Search code examples
javaperformancebigdecimalfactorial

BigDecimal toPlainString takes very long to generate String


I made a program in Java to calculate extreme factorials like that of 1 milion. What it does essentially is to start a loop from 1 to n and every iteration, multiply a BigDecimal with the value of the counter variable in the loop. Once the loop is done, it invokes BigDecimal#toPlainString() which returns the number produced as a String. The invokation of this method however takes very very long to execute. For example, in the code bellow:

public static void main(String[] args) {
        BigDecimal number = new BigDecimal(1);
        long startTime = System.currentTimeMillis();
        for (int i = 1; i < 500000; i++) {
            number = number.multiply(new BigDecimal(i));
        }
        System.out.println("Generating took: " + (System.currentTimeMillis() - startTime) + "ms. Creating String.");
        startTime = System.currentTimeMillis();
        String result = number.toPlainString();
        System.out.println("String generation took: " + (System.currentTimeMillis() - startTime) + "ms");
        FileUtils.writeStringToFile(new File("Path/To/File"), result);
    }

the output to console was:

Generating took: 181324ms. Creating String.
String generation took: 710498ms

which demonstrates how long the method toPlainString() took.

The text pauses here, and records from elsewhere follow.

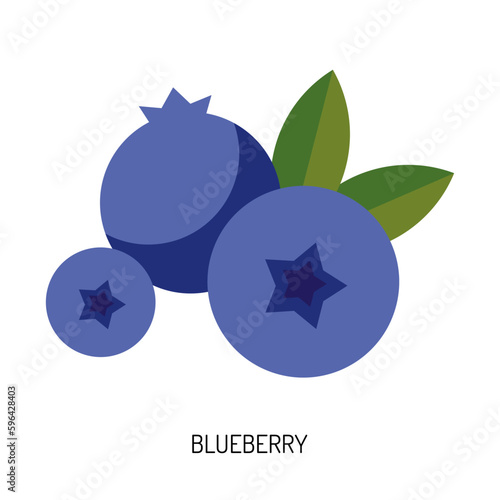 Juicy blueberry berry isolated on a white background. Vector illustration of berries for design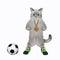 Cat ashen footballer near ball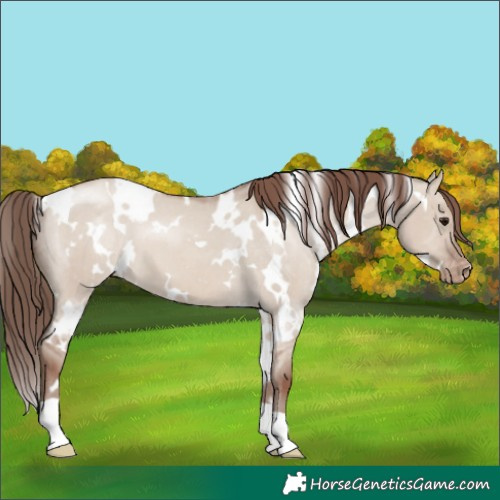 Horse Color:White Spotted Classic Champagne Dun Appaloosa 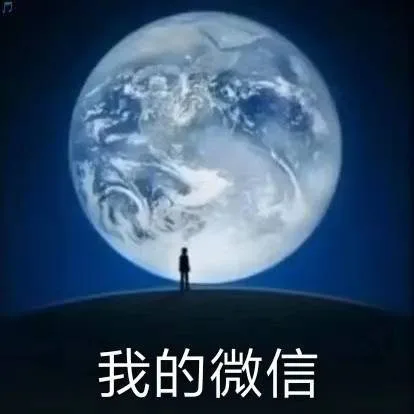 太真实了哈哈哈哈哈哈哈哈哈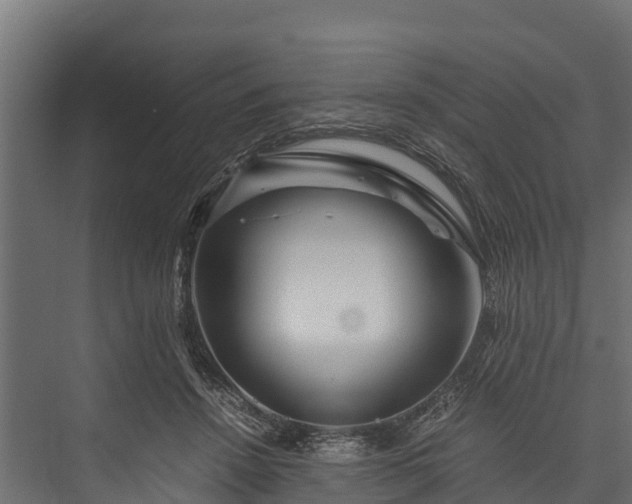 X0000076310456200610061334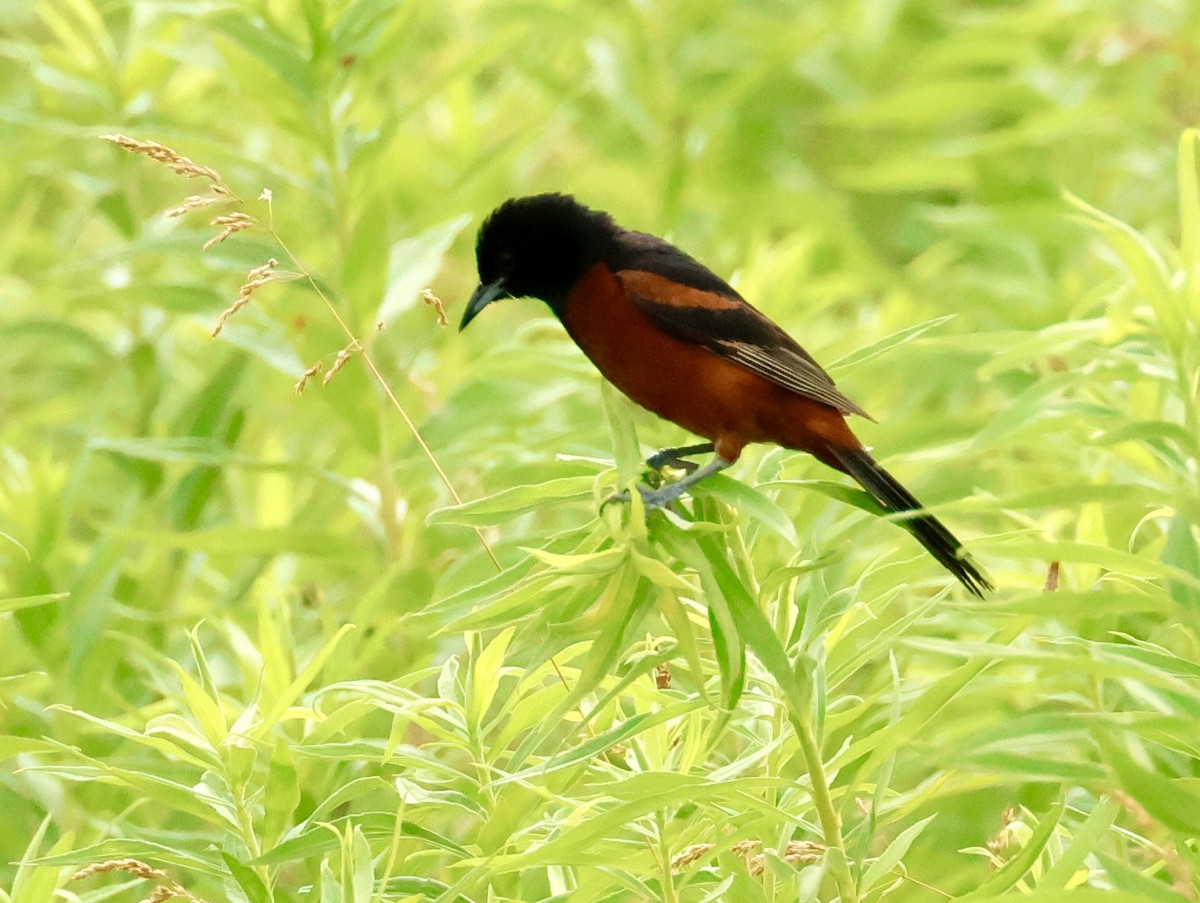 Orchard Oriole - ML620757988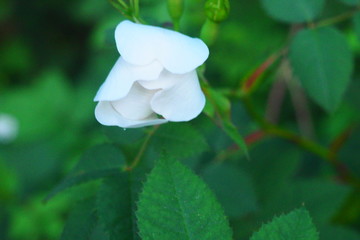 White flower closed at sunset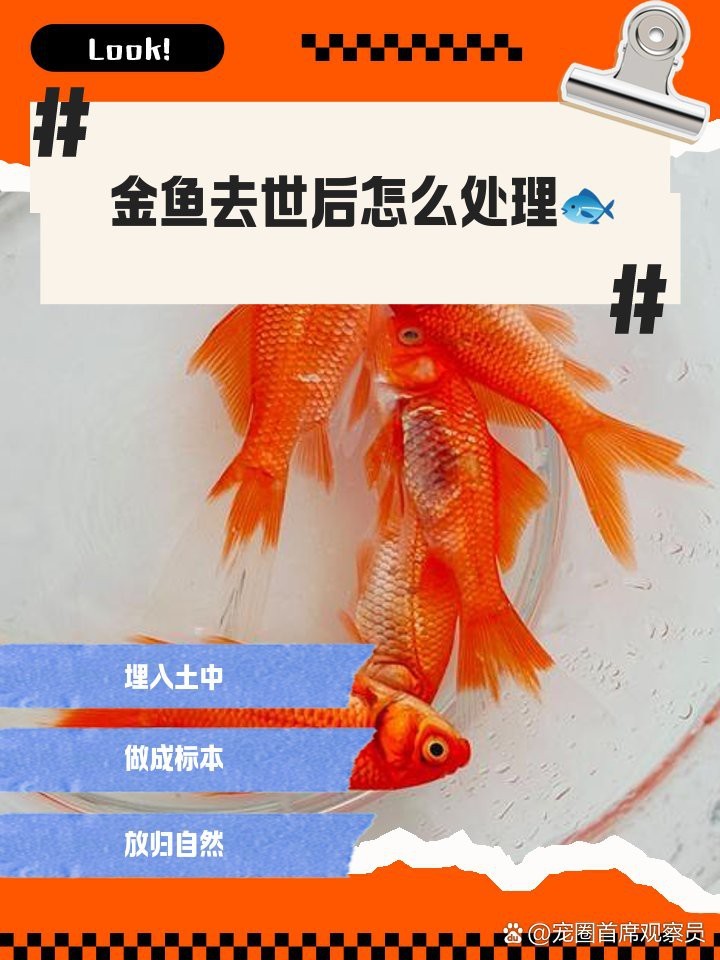 河北滄州哪里有賣魚缸的魚缸市場，滄州哪里有賣魚缸的，滄州哪里有賣舊浴缸的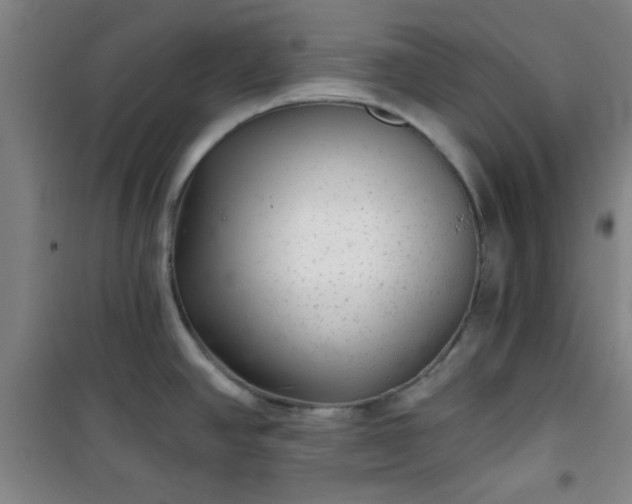 X0000101141390200807110932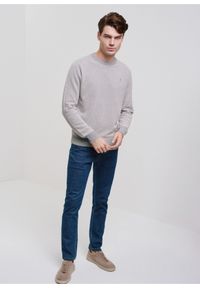 Ochnik - Szary bawełniany sweter męski. Kolor: szary. Materiał: bawełna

I understand that we are dealing with huge numbers (arround a milion digits in the example above) but i wanted to know if there is any way to speed up this method and how should i go about doing that?

Thanks!

EDIT #1: The only reason why the milisecond time calculations where added in the post is to bring 'long' into prespective, and possibly demonstrate the behaviour of the code in case the problem is not reproducable by all readers. What i am trying to do is determine why it took so long in my case, and most importantly how to speed up the process of converting to String.


Solution

  • The reason why BigDecimal#PlainString takes very long to generate the string with Java 7 is: It was implemented very inefficiently in Java 7. Fortunately, it is much faster in Java 8.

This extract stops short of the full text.